RCTs, Epistemology, and the Minimum Wage
Can experimental evidence clear up the debate on the Minimum wage?
Randomized Control Trials (RCTs) are the modern gold standard of empirical knowledge in basically all scientific fields from economics to epidemiology. This is because RCTs eliminate the biases in conventional observational research that make it difficult to discern correlation and causation. For example, imagine that you are an education researcher and you are trying to evaluate the effectiveness of Montessori private schools on children’s future success. Simply observing the children from the Montessori school and comparing them to public school kids wouldn’t tell you anything. There are dozens of co-linear confounding variables and selection effects like parental income, geographic location, race, etc. Depending on the quality and breadth of the data it may be possible to control for some of these variables using econometric methods, but the results of an observational study like this will always be subject to scrutiny over selection issues, and rightly so.

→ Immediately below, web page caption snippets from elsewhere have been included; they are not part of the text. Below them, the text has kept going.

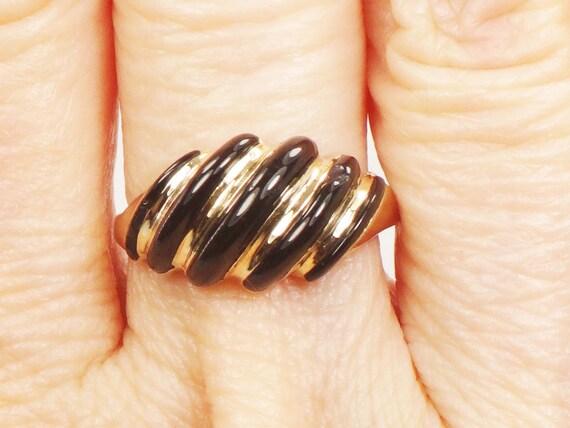 Vintage KBN Kabana 14k Onyx Ring Fluted Black Ony… - image 7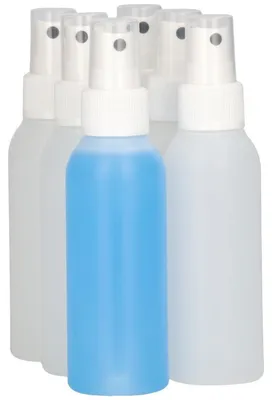 Productafbeelding van Set van 6 Ronde Plastic Flessen 100 ml met Spraypomp
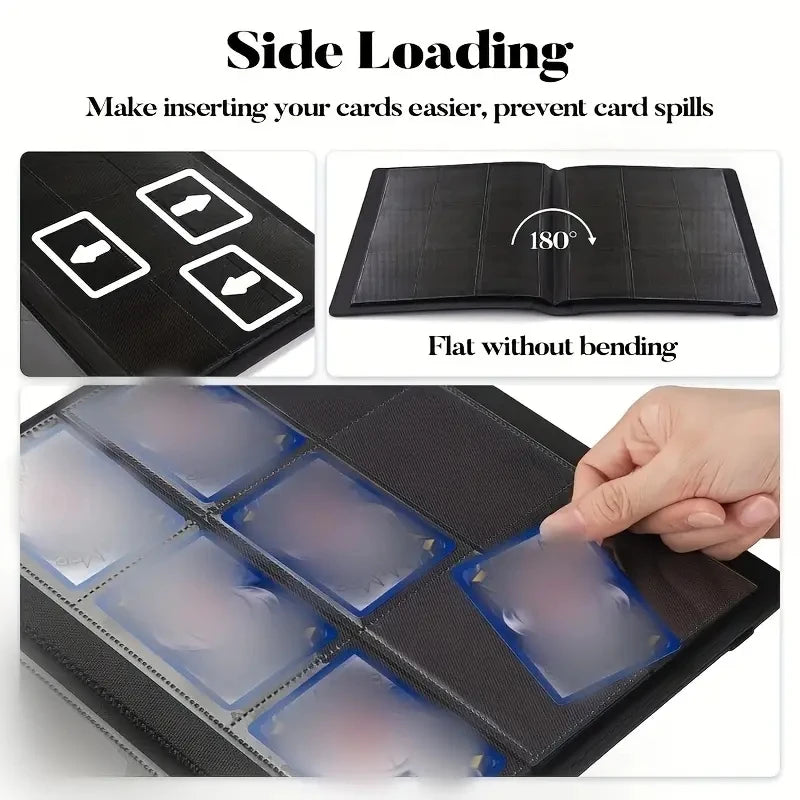 9-Pocket Card Binder – 360 Trading Card Holder Book with Premium PU Cover, Zip Binder for Cards, Durable Side Loading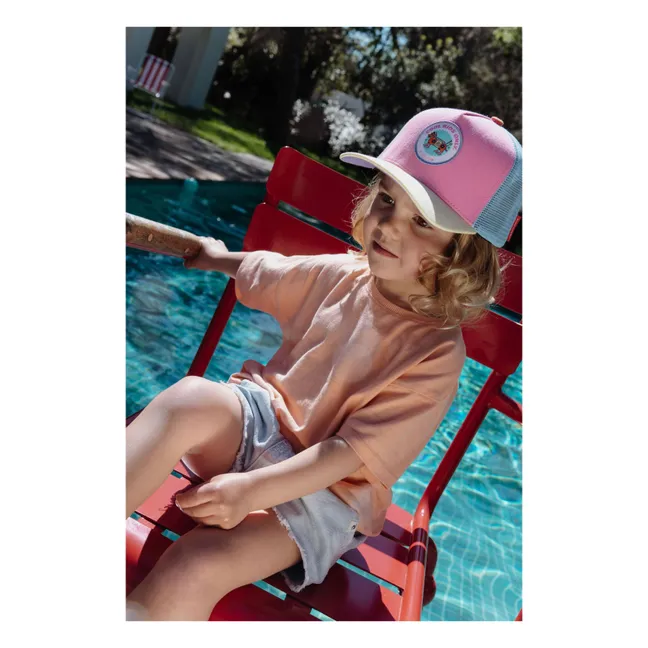 Trucker Stereo Dog Curved Visor Cap Organic Cotton | Pink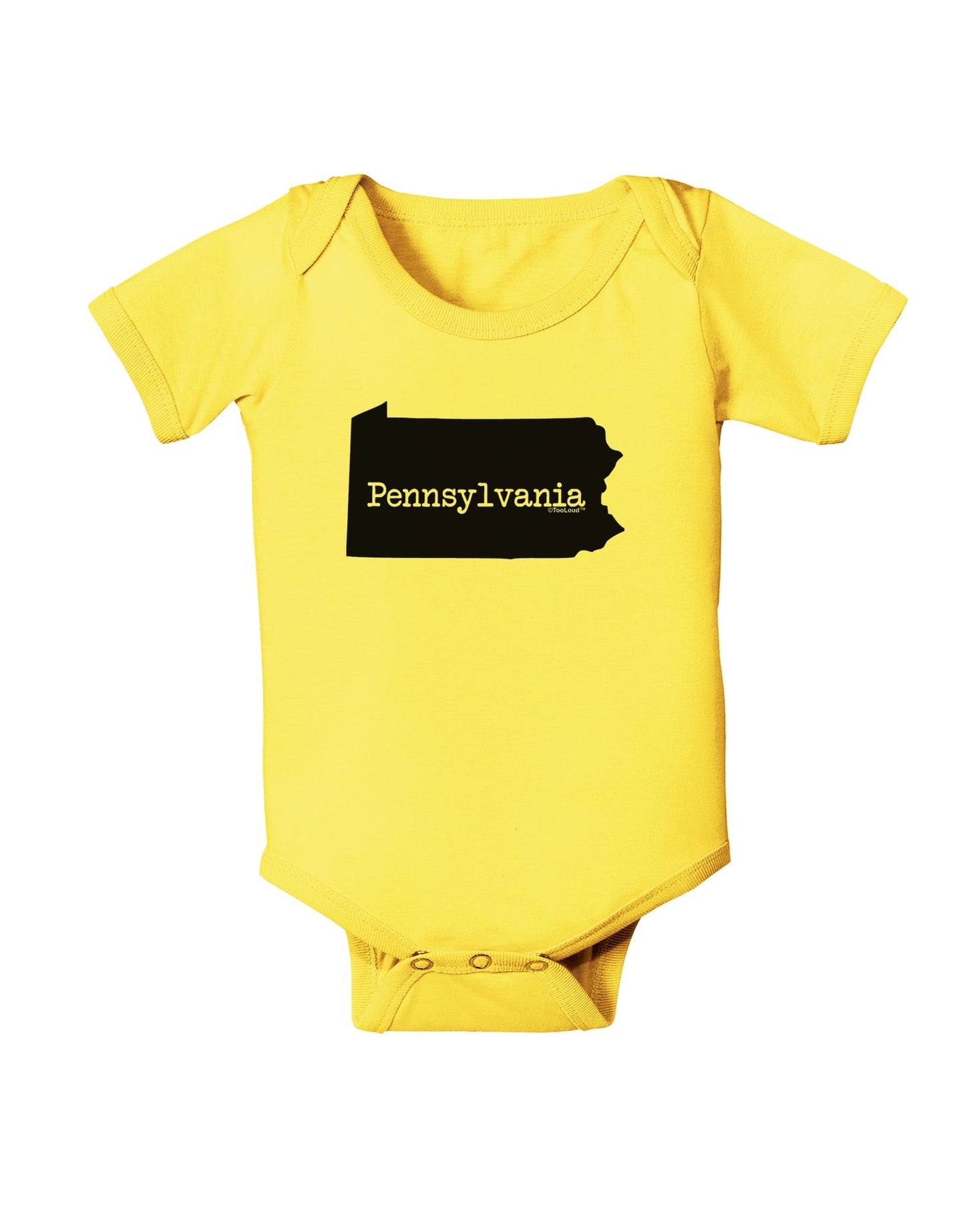 Pennsylvania - United States Shape Baby Romper Bodysuit by TooLoud-Baby Romper-TooLoud-Yellow-06-Months-Davson Sales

Minimum wage research faces a similar problem. The vast majority of the most popular research on the minimum wage is based on observational data of US-state level variation. The exact extent of selection effects and amount of confounding variables is unknown. Additionally, measures of worker productivity, hours worked, and job conditions are often inadequate, inaccurate, or unavailable. At minimum, researchers attempt to control for the changing conditions of the overall US labor market, and differences in the absolute size and growth rates of the state’s economies. These sorts of studies have produced wide ranging estimates of the effects of the minimum wage, and several controversies. As the raging debate over slight incongruencies in research methods and controls continues, it is difficult not to wonder if there is a better way to study this problem. Enter: the RCT.
The paper I want to highlight in this post is “Price Floors and Employer Preferences” by John Horton. In this piece he conducts a randomized control trial on an online labor market, randomly assigning 4 different minimum wage levels ($0, $2, $3, and $4) to 160,000 job postings. This experimental design conveys several advantages over conventional empirical work. First, selection effects and biases based on the economic performance of the firms and the states/countries they are in are automatically controlled for by random assignment. Second, the online platform collects detailed measures on the pre-experiment attributes of all workers, the productivity of workers on the job, and the number of hours worked overall. These data are extremely important to analyzing the effects of the minimum wage but are not measured in the most popular empirical works on the topic. Finally, the computerized nature of the data leaves almost no room for measurement error.
There are four main results: “(1) the wages of hired workers increases, (2) at a sufficiently high minimum wage, the probability of hiring goes down, (3) hours-worked decreases at much lower levels of the minimum wage, and (4) the size of the reductions in hours-worked can be parsimoniously explained in part by the substantial substitution of higher productivity workers for lower productivity workers.”
The significant reductions in hours worked come from two sources according to Horton’s analysis. First, firms are economizing on now more expensive labor; the labor demand curve slopes downward. Second, the substitution of higher productivity workers meant that jobs were completed faster, so the total hours worked went down. Both of these responses to the minimum wage hurt low productivity workers: “I find that workers that had been working for less than the new platform minimum wage raised their wage bids after the platform-wide minimum wage was imposed. These same workers experienced a substantial decrease in their probability of being hired.”
Interestingly, these results are consistent with finding little to no dis-employment effect in an observational study that only measures wages and headcounts (which is what the vast majority of the most popular studies do). This is because almost all of the effects of the minimum wage came from substitution of higher productivity for lower productivity ones, which wouldn’t show up in headcounts, and reduction in hours worked, which is not measured in most conventional data sets.
This finding is also consistent with the predictions of the supply-demand model. Contrary to common understanding, the supply-demand model does not actually predict a dis-employment effect from a minimum wage at all, as explained in Brian Albrecht’s great post. The model does predict a mismatch between how much labor is demanded versus how much is supplied, with deadweight loss resulting from the prevention of positive sum trades. This need not result in unemployment, however, because the supply-demand model describes a market for hours of labor, not for jobs. In our world with large fixed costs for firing and hiring, changing the hours of labor is the natural margin for employers to act on in the face of a minimum wage.
Ultimately, the minimum wage serves as a transfer payment from low productivity workers to high productivity ones. Hardly what supporters of the policy have in mind when they ‘fight for fifteen.’
It is difficult to get reliable knowledge about the world, especially when it involves complex, homeostatic systems like the economy. For this reason, economists have traditionally relied on theory to guide them through our epistemic blind spots. The theoretical approach has been assisted and controverted by observational empirical work made possible by advances in computing. When these two approaches are at odds, as they are in the study of the minimum wage, it leads to widespread confusion, anger, and quibbling in the economics community. Deeper, more controlled, and more accurate empirical work, in the form of an RCT, can bridge the divide between these two camps. RCTs are not the only way to acquire knowledge about the world, but when they are available their results should be weighted much more heavily in our Bayesian updating than any observational work. John Horton’s work is no exception. His study confirms both the predictions of economic theory and reconciles these with the results of more basic empirical analyses.